Der Bus - nicht klimatisiert, die Strasse- nicht geteert und von Schlaglöchern übersät. Mit Abstand eine der härtesten Wegstrecken der Reise bisher!!!

…Dunhuang: Hunderte von historischen Höhlen im 1600m langen Kliff von Mogao - Kopf hineinstecken und die atemberaubenden buddhistischen Höhlenmalereien bewundern!

… am nächsten Morgen dann ausserhalb der Stadt die 1715m hohen Sanddünen von Mingsha Shan erklimmen, um die Pagode des Crescent Moon Lakes zu fotografieren.

...den westlichen Teil der Großen Mauer aus der Ming Dynastie in Jiayuguan bestaunen und gleichzeitig die inflationären Eintrittspreise ( meist zwischen 12 und 20 Euro pro Person) verdauen.

...nebenbei versuchen, die aus allen Himmelsrichtungen kommende laute Beschallung mit chinesischer Musik zu ignorieren.

...versuchen, Plastikpalmen, Plastikkamele und Plastikskulpturen jeglicher Art nicht mit zu fotografieren und chinesische Touristen mental auszublenden, die sich zum Einen kindlich an den Plastikbeigaben in Mitten grüner Natur riesig erfreuen und zum Anderen sich grundsätzlich nur schreiend miteinander unterhalten: Ruhe und Natur genießen gibt es in der chinesischen Kultur einfach nicht- je lauter, schriller und bunter desto besser!

...Millionenstädte ohne Ende, meist ist einem nicht einmal der Name bekannt!

...unsere chinesisches Lieblingsantwort: „MEIO!“
Hab ich nicht- gibt es nicht - weiß ich nicht - oder einfach nur: WILL MICH NICHT DAMIT BESCHÄFTIGEN!
2/3 der Erstantworten auf alle erdenkliche Fragen vom verbalen englischen „Wo ist der Bahnhof ?“ zu mimischen Gesten der „Hand zum Mund“ im Sinne von „Wo gibt es was zu Essen?“
über handschriftliche Zettel mit genauer Frage in Mandarin Schriftzeichen...MEIO!

...Lieblingsspiel: Wir fragen in einem Restaurant nach der Speisekarte - MEIO – Anbetracht mangelnder Mandarin-Kenntnisse deuten wir auf die Küche und unsere Augen - stolpern in die Küche hinein- versuchen, uns nur auf die diverse Lebensmittel die sich dem Auge so anbieten zu konzentrieren und lassen dabei den Hygienestatus außer Acht - deuten per Handzeichen an, die ausgewählten Zutaten klein zu schneiden und zu braten- und warten bei einem Glas grünen Tee darauf – was wohl auf unserem Teller letzten Endes zum Vorschein kommt!

In Lanzhou trennten sich dann erstmal für 5 Wochen unsere Wege:
Andreas hatte bereits in Tajikistan ( 3000-4000m) massive Probleme mit der Höhe - immer wieder Kopfschmerzen und vor allem eine anhaltende Schlaflosigkeit, die den Tag manchmal zur Qual werden ließen.
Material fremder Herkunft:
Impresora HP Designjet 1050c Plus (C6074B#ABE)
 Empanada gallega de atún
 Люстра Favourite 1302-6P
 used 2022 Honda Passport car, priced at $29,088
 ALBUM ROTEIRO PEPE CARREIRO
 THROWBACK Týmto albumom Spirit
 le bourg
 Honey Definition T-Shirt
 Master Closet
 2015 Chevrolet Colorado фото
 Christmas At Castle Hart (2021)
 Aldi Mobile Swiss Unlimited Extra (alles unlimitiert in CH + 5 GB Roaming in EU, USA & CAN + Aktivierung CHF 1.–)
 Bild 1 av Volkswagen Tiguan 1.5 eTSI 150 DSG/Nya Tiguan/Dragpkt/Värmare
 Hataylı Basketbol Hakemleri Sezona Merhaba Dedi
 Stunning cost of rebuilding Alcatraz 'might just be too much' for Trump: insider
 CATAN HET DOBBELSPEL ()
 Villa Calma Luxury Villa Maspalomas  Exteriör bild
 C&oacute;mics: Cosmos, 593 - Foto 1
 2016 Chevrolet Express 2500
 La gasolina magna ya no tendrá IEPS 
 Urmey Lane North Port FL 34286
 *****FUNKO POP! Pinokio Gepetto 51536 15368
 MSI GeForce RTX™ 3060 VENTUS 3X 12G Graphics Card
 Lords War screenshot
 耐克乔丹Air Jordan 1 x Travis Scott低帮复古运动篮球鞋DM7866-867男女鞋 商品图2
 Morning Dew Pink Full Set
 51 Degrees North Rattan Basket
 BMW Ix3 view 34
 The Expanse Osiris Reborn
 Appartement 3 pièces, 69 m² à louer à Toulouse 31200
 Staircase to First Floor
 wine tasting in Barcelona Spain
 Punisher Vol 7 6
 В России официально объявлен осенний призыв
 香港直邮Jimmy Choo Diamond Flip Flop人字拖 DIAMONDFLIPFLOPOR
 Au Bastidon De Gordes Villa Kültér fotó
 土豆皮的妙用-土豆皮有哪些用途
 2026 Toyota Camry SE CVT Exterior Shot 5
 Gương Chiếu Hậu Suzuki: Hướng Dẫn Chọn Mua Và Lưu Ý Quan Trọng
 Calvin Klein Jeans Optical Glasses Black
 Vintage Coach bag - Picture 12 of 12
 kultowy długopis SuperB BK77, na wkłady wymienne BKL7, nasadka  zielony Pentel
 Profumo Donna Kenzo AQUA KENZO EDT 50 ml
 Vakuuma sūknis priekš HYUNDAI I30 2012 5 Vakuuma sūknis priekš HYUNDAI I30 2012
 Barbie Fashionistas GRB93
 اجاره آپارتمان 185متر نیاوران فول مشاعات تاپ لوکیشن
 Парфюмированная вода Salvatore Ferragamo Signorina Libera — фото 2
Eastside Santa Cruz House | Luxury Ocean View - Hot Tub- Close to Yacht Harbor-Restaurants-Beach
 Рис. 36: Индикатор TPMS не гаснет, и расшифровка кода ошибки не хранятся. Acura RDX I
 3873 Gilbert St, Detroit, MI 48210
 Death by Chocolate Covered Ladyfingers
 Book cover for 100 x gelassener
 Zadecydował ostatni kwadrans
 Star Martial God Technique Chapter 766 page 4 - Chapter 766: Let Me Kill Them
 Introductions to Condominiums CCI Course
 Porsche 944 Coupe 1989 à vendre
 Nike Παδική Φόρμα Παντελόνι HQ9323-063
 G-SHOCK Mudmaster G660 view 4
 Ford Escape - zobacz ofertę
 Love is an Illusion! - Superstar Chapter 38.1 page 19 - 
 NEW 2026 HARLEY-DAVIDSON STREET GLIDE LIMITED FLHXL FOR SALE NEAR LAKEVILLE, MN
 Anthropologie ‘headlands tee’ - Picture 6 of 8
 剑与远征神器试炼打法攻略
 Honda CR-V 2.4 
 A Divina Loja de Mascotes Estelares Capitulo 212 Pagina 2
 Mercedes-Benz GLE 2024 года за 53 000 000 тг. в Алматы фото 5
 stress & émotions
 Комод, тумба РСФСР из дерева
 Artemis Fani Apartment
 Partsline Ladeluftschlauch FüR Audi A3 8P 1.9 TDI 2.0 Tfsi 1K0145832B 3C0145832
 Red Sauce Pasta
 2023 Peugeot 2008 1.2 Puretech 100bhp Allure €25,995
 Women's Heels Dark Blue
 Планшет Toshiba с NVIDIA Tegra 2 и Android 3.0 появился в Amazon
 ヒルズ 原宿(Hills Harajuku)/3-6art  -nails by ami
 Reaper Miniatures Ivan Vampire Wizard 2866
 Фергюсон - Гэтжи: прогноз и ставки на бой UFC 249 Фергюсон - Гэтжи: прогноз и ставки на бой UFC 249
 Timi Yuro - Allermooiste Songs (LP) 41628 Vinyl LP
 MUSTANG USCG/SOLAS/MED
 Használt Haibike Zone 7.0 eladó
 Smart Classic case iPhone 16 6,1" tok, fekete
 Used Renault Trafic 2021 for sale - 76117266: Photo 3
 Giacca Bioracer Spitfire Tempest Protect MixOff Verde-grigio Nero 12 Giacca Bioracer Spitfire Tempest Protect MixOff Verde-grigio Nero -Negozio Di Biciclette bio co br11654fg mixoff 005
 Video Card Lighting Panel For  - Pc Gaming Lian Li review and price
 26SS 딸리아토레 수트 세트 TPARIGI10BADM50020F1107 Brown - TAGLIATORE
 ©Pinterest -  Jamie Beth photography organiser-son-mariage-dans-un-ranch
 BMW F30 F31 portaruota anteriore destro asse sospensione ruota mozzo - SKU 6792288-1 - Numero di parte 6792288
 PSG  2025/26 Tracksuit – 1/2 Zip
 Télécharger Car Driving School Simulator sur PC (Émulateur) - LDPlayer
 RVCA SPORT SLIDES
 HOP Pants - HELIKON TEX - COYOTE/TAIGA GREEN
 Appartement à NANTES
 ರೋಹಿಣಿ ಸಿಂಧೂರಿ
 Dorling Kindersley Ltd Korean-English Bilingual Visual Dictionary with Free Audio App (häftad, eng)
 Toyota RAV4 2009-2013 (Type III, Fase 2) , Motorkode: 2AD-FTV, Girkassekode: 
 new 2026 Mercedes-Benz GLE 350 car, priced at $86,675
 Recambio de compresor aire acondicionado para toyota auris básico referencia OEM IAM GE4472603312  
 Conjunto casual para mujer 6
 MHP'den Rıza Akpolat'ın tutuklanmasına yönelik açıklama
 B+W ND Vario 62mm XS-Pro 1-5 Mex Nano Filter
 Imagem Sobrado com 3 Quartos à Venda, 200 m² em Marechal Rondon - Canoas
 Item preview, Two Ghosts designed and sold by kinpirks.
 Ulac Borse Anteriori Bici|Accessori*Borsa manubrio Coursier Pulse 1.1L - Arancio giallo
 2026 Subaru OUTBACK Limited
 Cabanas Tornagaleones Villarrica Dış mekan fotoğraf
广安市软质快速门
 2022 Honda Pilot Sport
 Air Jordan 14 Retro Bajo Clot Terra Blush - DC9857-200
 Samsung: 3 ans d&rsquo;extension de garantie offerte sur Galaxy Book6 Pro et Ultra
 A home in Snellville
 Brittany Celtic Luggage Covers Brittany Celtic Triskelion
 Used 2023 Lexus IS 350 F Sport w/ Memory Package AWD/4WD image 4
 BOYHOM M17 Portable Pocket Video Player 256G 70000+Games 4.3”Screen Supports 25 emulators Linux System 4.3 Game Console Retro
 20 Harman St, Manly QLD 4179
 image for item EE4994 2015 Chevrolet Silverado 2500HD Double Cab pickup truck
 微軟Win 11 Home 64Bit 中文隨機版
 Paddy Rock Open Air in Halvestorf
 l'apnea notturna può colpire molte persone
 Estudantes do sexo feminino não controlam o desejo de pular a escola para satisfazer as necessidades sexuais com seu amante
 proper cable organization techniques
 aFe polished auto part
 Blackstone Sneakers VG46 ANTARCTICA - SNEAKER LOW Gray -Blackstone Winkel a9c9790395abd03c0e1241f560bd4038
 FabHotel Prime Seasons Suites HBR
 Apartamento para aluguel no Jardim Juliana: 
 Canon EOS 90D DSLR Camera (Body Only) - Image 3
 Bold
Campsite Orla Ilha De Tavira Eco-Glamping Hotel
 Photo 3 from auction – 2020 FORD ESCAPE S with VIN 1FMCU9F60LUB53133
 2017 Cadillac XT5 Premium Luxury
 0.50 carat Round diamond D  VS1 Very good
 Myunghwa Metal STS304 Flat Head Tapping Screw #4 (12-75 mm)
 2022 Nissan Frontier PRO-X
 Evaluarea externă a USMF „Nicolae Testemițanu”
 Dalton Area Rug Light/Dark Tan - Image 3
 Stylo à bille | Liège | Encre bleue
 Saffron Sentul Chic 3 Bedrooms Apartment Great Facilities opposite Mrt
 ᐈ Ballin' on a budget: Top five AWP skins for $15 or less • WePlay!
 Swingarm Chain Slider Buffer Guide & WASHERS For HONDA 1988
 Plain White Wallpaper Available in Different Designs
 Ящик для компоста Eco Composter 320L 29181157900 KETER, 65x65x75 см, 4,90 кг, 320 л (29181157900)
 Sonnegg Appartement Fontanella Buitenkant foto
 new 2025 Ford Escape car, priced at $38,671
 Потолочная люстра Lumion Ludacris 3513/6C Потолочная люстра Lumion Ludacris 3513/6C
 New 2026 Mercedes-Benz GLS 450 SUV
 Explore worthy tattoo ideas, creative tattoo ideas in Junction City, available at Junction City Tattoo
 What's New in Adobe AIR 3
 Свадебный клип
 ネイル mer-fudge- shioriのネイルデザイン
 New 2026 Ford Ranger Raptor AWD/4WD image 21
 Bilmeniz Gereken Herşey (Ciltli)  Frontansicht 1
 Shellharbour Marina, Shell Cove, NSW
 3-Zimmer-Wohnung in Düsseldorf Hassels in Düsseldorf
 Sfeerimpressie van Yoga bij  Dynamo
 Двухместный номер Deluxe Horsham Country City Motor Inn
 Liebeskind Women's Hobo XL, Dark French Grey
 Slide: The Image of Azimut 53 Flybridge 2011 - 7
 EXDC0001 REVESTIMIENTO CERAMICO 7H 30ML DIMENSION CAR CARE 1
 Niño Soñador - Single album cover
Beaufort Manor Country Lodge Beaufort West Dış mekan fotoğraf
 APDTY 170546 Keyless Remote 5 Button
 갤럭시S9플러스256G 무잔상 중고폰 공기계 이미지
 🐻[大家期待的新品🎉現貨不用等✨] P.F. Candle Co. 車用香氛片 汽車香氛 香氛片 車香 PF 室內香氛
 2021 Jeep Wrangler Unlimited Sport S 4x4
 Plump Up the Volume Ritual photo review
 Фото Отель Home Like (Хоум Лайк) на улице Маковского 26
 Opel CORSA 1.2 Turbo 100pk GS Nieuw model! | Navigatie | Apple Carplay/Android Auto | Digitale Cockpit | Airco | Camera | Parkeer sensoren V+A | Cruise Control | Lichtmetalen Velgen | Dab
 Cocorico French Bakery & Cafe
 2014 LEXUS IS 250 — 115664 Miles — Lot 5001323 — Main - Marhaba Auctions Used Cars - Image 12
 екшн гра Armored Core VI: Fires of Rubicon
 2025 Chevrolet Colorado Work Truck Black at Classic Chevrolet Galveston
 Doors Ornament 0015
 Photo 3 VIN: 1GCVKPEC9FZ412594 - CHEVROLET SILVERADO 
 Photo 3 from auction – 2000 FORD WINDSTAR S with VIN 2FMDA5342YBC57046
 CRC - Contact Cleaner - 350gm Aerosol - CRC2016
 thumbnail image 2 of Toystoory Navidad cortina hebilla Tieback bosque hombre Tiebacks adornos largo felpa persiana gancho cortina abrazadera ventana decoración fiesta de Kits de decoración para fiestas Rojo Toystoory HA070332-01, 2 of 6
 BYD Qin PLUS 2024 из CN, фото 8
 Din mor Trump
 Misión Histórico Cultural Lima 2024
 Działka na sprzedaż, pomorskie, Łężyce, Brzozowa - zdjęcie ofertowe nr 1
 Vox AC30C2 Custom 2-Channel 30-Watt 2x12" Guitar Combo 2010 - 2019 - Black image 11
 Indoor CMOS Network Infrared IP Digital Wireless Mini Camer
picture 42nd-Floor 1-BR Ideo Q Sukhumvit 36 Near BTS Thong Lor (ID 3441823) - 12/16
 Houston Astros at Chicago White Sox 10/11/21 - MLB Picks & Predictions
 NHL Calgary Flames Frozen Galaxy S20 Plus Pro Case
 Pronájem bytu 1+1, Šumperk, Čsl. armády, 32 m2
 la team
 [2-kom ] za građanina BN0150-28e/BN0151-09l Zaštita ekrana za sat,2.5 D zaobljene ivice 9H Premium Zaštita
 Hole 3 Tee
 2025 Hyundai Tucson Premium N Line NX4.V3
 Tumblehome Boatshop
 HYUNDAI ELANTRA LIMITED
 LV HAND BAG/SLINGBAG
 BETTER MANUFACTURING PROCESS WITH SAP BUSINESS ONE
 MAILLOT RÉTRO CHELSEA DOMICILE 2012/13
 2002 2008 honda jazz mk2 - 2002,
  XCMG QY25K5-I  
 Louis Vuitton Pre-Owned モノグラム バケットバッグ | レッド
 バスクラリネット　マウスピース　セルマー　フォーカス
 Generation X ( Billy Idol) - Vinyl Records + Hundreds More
Anbetracht dessen und der Tatsache, das das Tibetische Plateau nochmal runde 1000m im Schnitt höher liegt ( 4000m und höher), wollte Andreas nur die „kurze“ 10 Tages Tibettour mit Lhasa und dem Friendship Highway nach Nepal machen, während ich 26 Tage in den Westen von Tibet gereist bin, um erneut die Mt. Kailash Kora zu wandern - 52km mit einem Pass von knapp 5700m.

Gansu Highlights:

… Die ersten Yak Momos, kleine gefüllte Teigtaschen nach Tibet Art, wahlweise als Nachtisch mit Äpfeln und Rosinen gefüllt- Lecker!

...in Xiahe die 3 km lange Kora mit tibetischen Pilgern um das Labrang Kloster zu wandern und dabei 1174 Gebetsmühlen zu drehen.

...in Langmusi durch Zufall ein großes Maskentanzfest zu erleben.

...von Langmusi nach Songpan früh morgens mit dem Bus entlang endlos grüner Hügel mit - nicht gelogen- Millionen von Nomadenzelten rauchenden Feuerstellen und Yak- Pferde- Schafsherden zu fahren!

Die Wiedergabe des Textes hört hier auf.